EXERCISE DATA.

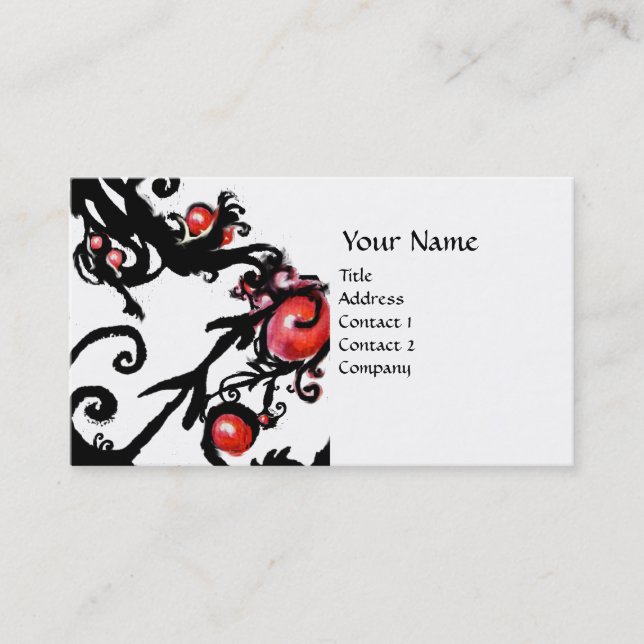Carte De Visite BERRIES NOIRES CHEMISES blanc rouge (Devant)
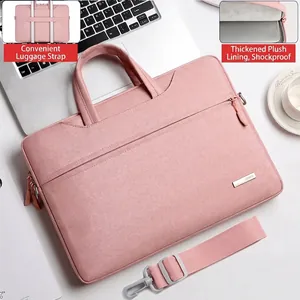 Borsa rosa per laptop con fascia per trolley e fodera in velluto antiurto spessa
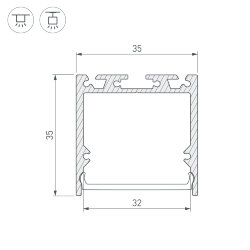 Профиль SL-LINE-3535-2000 ANOD (Arlight, Алюминий) 019306
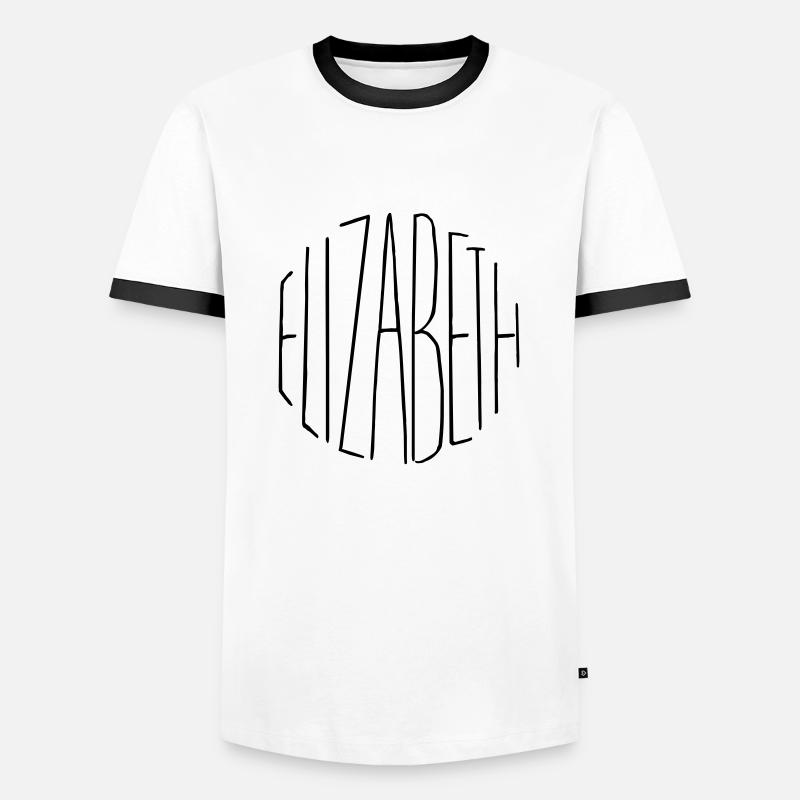 Elizabeth - Männer Kontrast-T-Shirt - Weiß/Schwarz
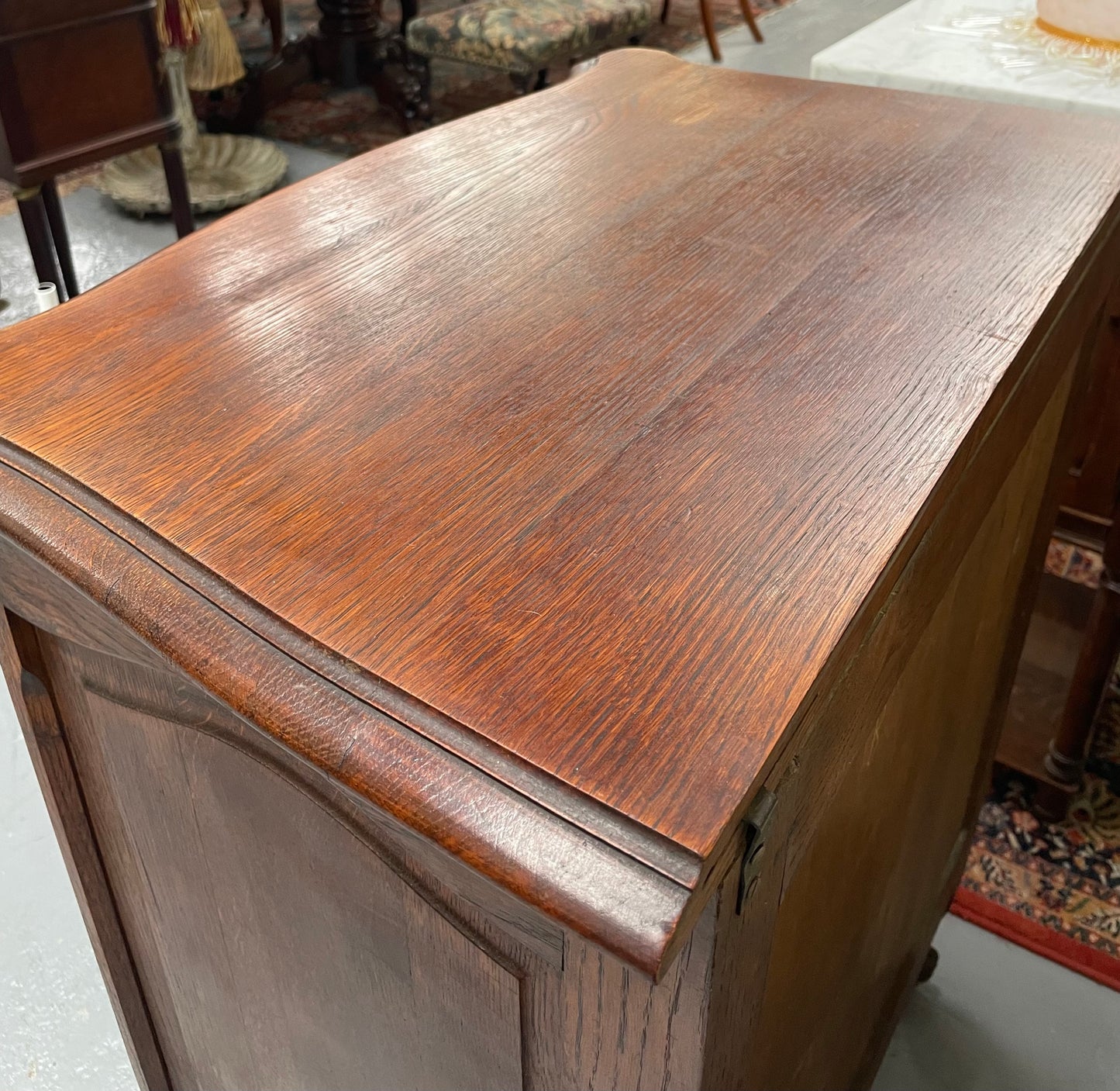 Beautiful French oak Louis XV style carved chest of three drawers with lovely details and in good original detailed condition. Sourced from France.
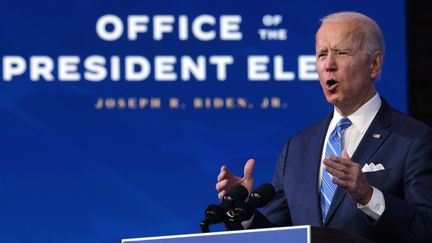 Le président américain élu Joe Biden, jeudi 14 janvier 2021 depuis son fief de Wilmington (Delaware). (ALEX WONG / GETTY IMAGES NORTH AMERICA / AFP)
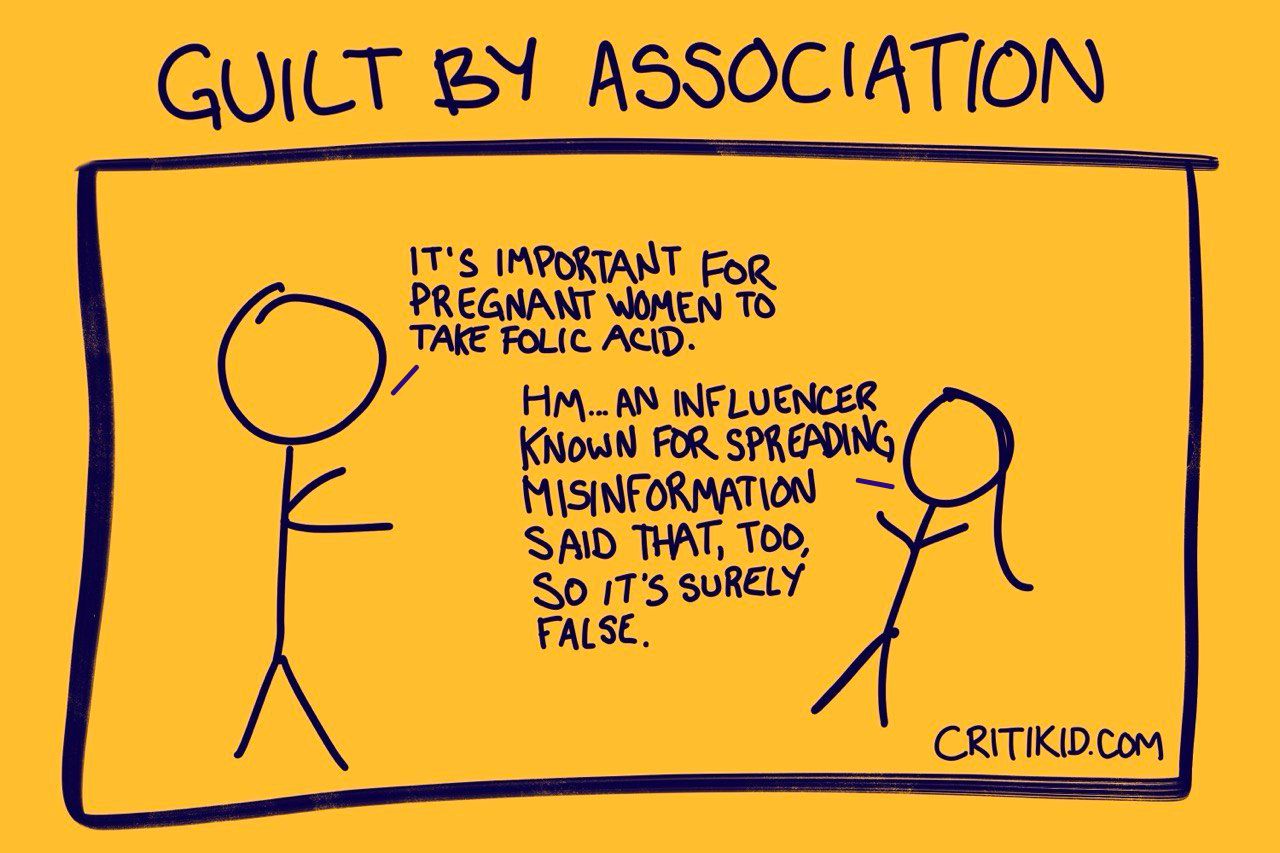 Title at the top reads Guilt by Association. Cartoon with two stick figures. The first says it is important for pregnant women to take folic acid. The second dismisses the statement because an influencer known for spreading misinformation has said the same thing.  Website critikid.com appears in the bottom corner.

WORK TO COMPLETE. Copy nothing but the lines from the one containing "Beautiful French oak" through the last line of the listing above, transcribed exactly and with no pictures.

RESPONSE FOR THIS EXERCISE.
 Beautiful French oak Louis XV style carved chest of three drawers with lovely details and in good original detailed condition. Sourced from France.
 Le président américain élu Joe Biden, jeudi 14 janvier 2021 depuis son fief de Wilmington (Delaware). (ALEX WONG / GETTY IMAGES NORTH AMERICA / AFP)
 Title at the top reads Guilt by Association. Cartoon with two stick figures. The first says it is important for pregnant women to take folic acid. The second dismisses the statement because an influencer known for spreading misinformation has said the same thing.  Website critikid.com appears in the bottom corner.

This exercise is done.